Some of us have been raising the alarm over the role of universities in this censorship system. While faculty and students once opposed any academic research supporting the military industrial complex, there has been no such opposition to researchers supporting a censorship system targeting dissenting views and supplying blacklists to government and corporate partners.

There has long been a narrative in the media that portrayed academics working in this system as victims hounded by critics. For example, one article featured the work of Kate Starbird, director and co-founder of the UW Center for an Informed Public. The University of Washington is one of the most important partners in the academic-corporate-government triad. Other key institutions include Stanford University, University of Michigan, and the University of Wisconsin. The article discussed how “her attempt to promote factual information and strengthen democracy has gotten her sued, blasted by congressional inquiries and subjected to a death threat.”

The internal messages revealed by the House show how such media campaigns were coordinated to frame the coverage. While these researchers actively work to target others, they often object to criticism of their work as bullying and the work of disinformers.

Notably, in her communications disclosed by the House, Starbird cautions against giving examples of disinformation to keep them from being used by critics, adding “since everything is politicized and disinformation inherently political, every example is bait.”

She and others reached out to grant managers in dealing with the public spin. Wisconsin Journalism Professor Michael Wagner flagged one of my columns to Michael Pozmantier, a program manager at the National Science Foundation, an independent government agency. What is striking that the two suggest that the column was wrong but do not state a single mistaken fact.  Indeed, the report confirms the extensive effort to coordinate the identification of those spreading what the researchers deemed disinformation. In another email, Pozmantier explained that “Track F is the NSF ‘Accelerator track focused on combating mis/disinformation.’”

Pozmantier also shows the sweeping agenda behind these grants, noting “Projects in Track F will pursue a convergence research agenda and leverage multi-sector partnerships to address issues of trust and authenticity in communication systems, including predicting, preventing, detecting, correcting, and mitigating the spread of inaccurate information that harms people and society.”

Other academic institutions in the report are shown marketing their own eagerness to become part of this censorship system.

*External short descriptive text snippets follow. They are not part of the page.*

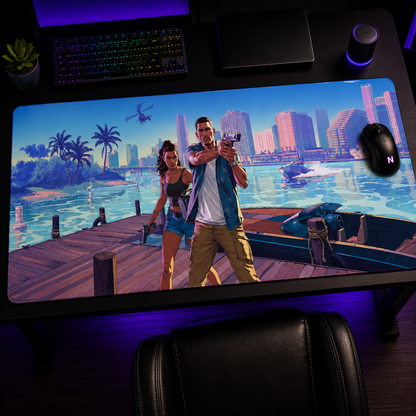 Tapis de souris - Edition GTA VI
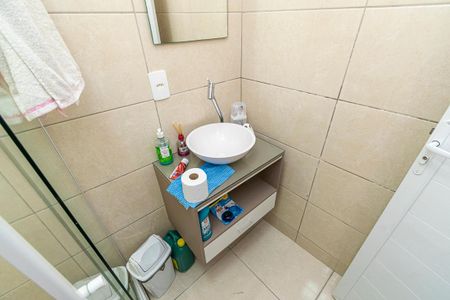Casa para alugar com 40m², 1 quarto e 1 vaga Casa para alugar com 40m², 1 quarto e 1 vagaBanheiro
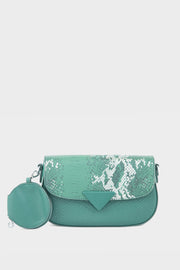 Flap Shoulder Bags BS2130-Green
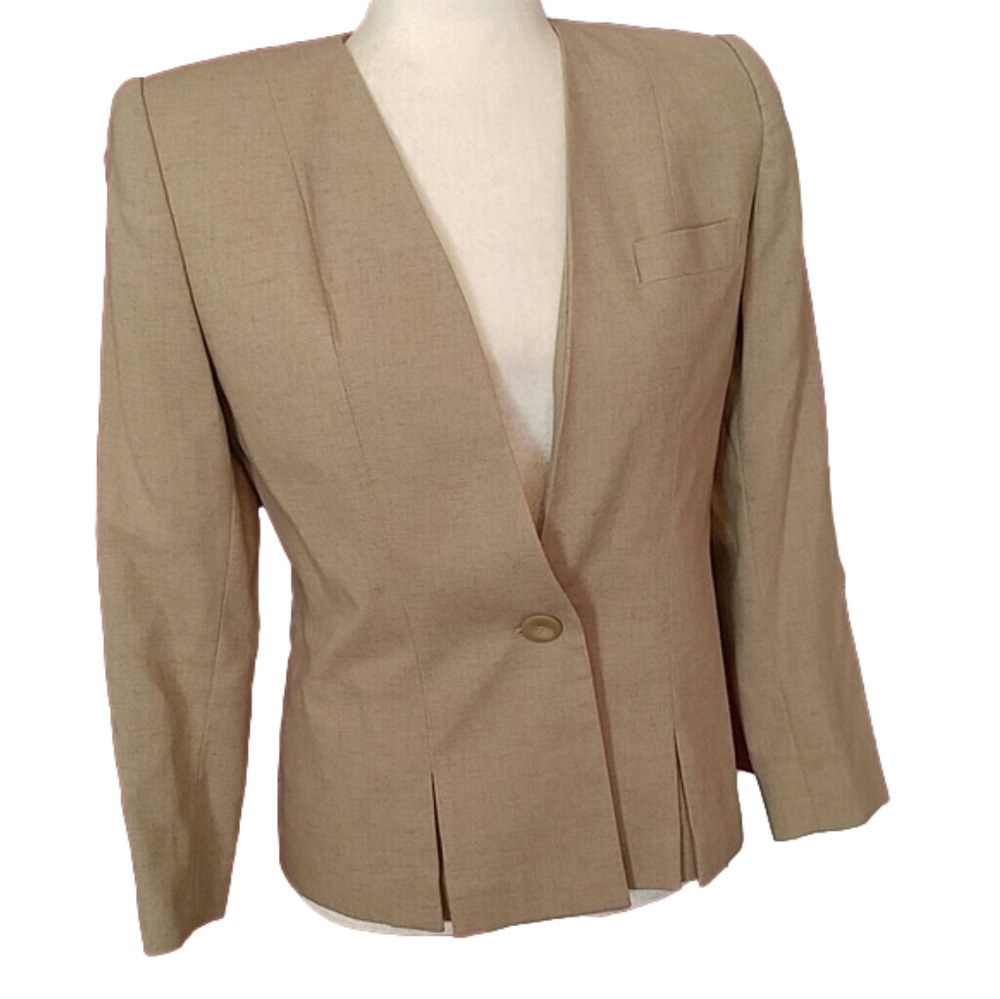 Vintage Sasson Petite Blazer Jacket 4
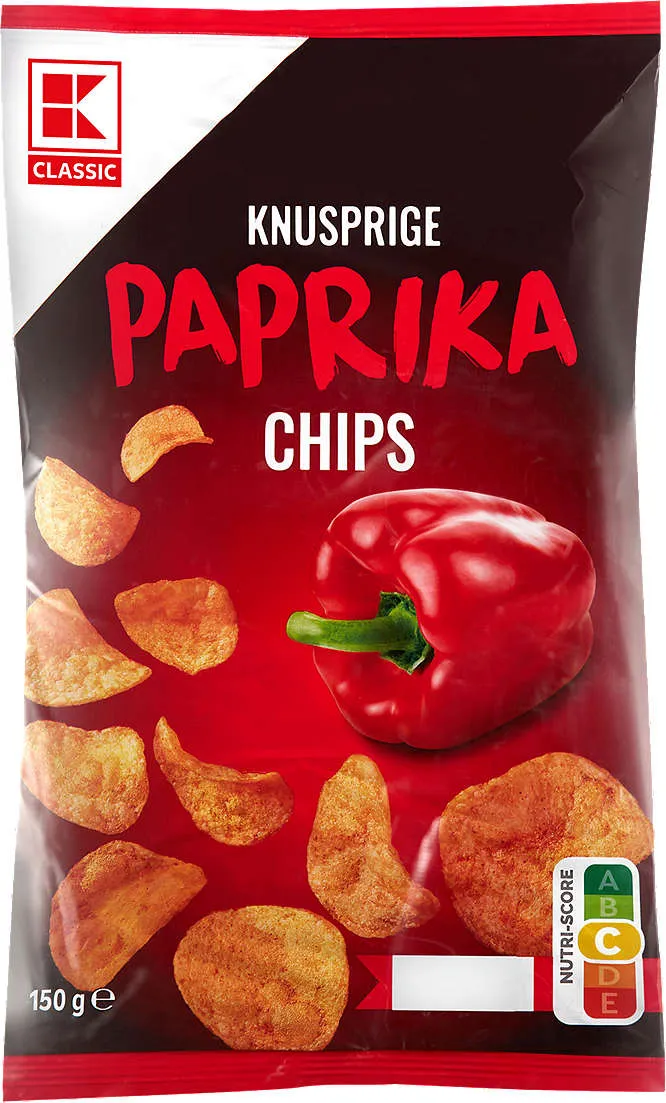 Classic Čips Paprika 150 g - Akcija u trgovini Kaufland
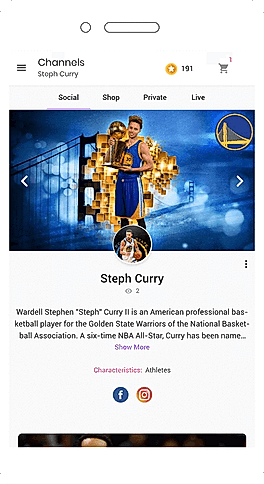 SuperFans : Customize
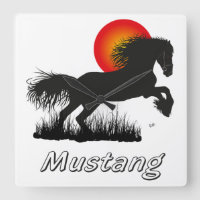 Mustang horse lover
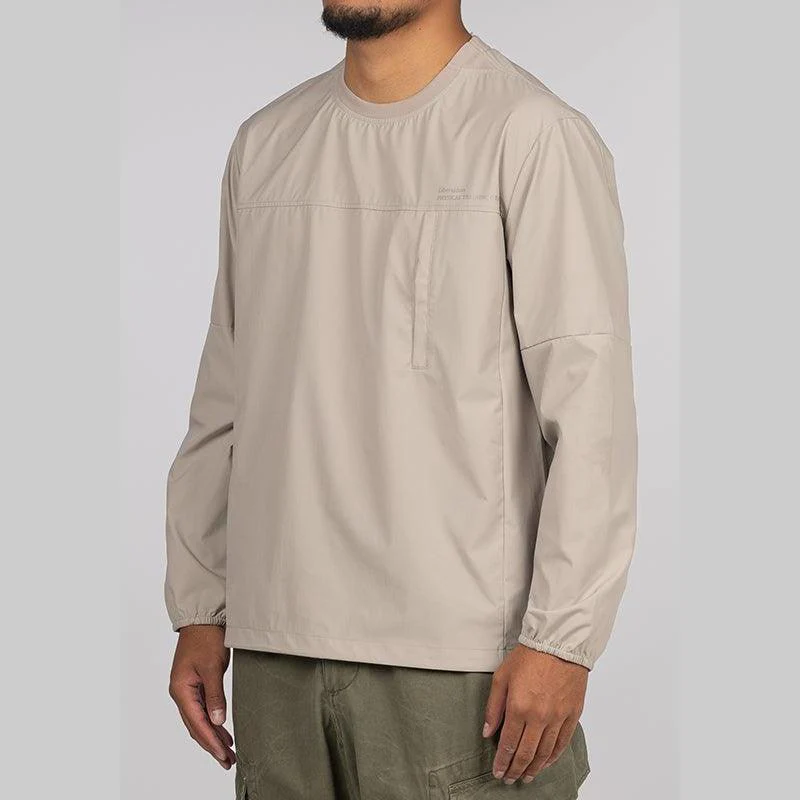 4Way Stretch Pullover - Beige - Image 2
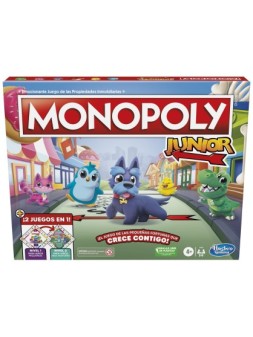 Monopoly Junior de Hasbro en Juegos de Tablero | La Cueva Roja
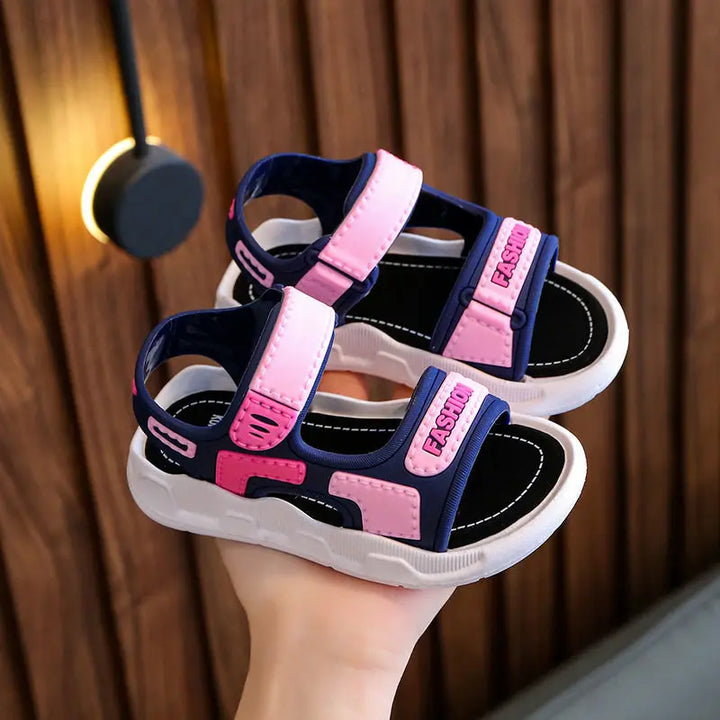 Fashion Kids Sandals Baby Shoes Boy Soft Sole Non-slip Boys Girls Sandals Toddler Children's Shoes Summer Beach 2-10 Years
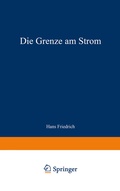 Cover: Die Grenze am Strom - Vieweg+Teubner Verlag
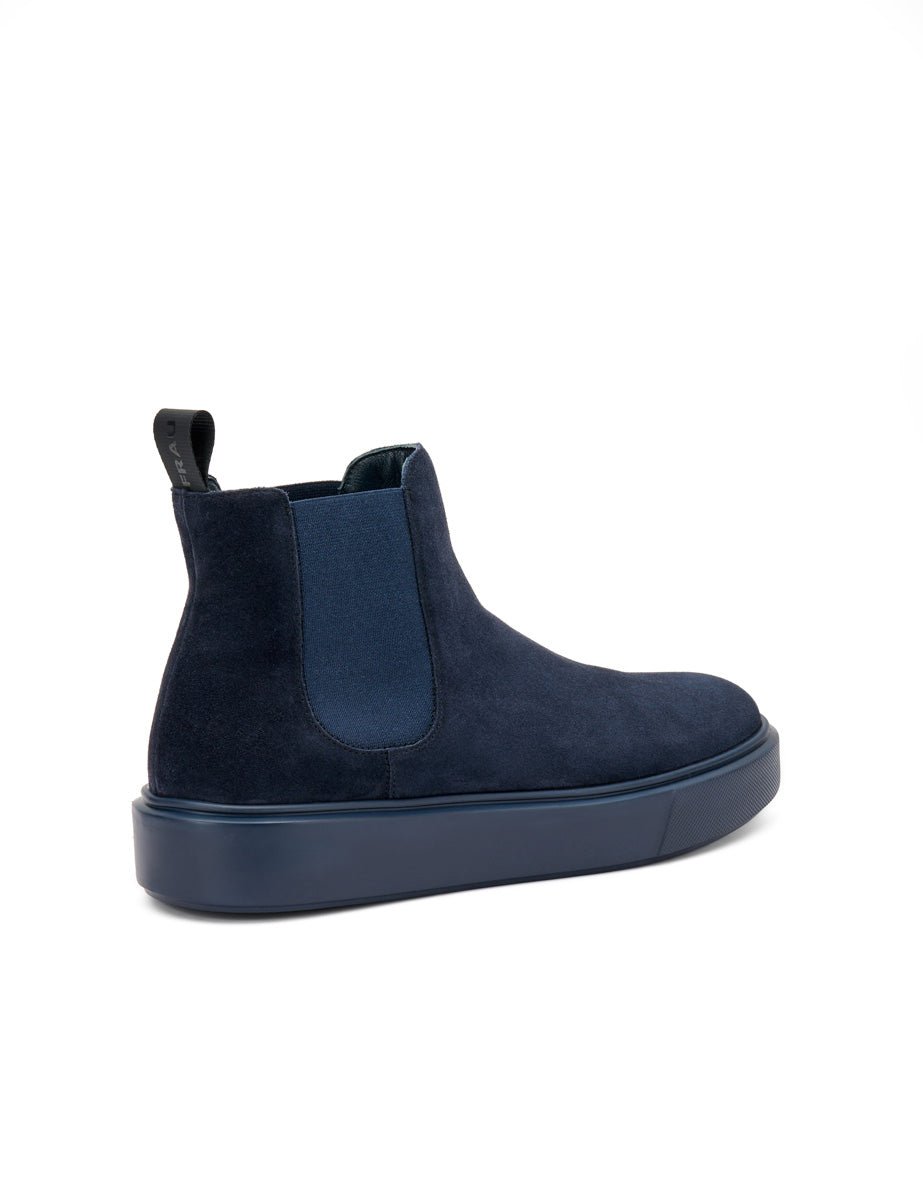 beatles softy blu - frau - stivaletto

University of Michigan’s James Park is shown pitching that school’s WiseDex First Pitch program, promising that “our misinformation service helps policy makers at platforms who want to . . . push responsibility for difficult judgments to someone outside the company . . . by externalizing the difficult responsibility of censorship.”

These emails show the fluidity of what is deemed unacceptable viewpoints for these academics and their partners. The Department of Homeland Security’s Cybersecurity and Infrastructure Security Agency (CISA), during prior court testimony. CISA’s director, Jen Easterly, previously declared the administration’s intent to extend its role over maintaining critical infrastructure to include “our cognitive infrastructure” and combating not just mis- and disinformation but also “malinformation,” which CISA describes as “based on fact, but used out of context to mislead, harm, or manipulate.”

For academic institutions, the central role played in this censorship infrastructure is alarming. Some of these programs have now pledged that they will no longer target content on the Internet. However, for years, the Biden Administration funded blacklisting systems as well as programs to target the advertisers of conservative sites.

For example, the federal government helped to fund the Global Disinformation Index (GDI), to discourage advertisers from supporting certain sites. All of the top 10 most risky sites are popular with conservatives, libertarians and independents. GDI warned advertisers against “financially supporting disinformation online.” Those top disinformation sites included Reason, a libertarian-oriented source of news and commentary about the government. However, HuffPost, a far left media outlet, was included among the 10 sites at lowest risk of spreading disinformation.

Universities should be places where false claims and conspiracy theories are debated and exposed. However, there is a dangerous line that is crossed when universities partner with the government or corporations in a system targeting individuals and groups for censorship.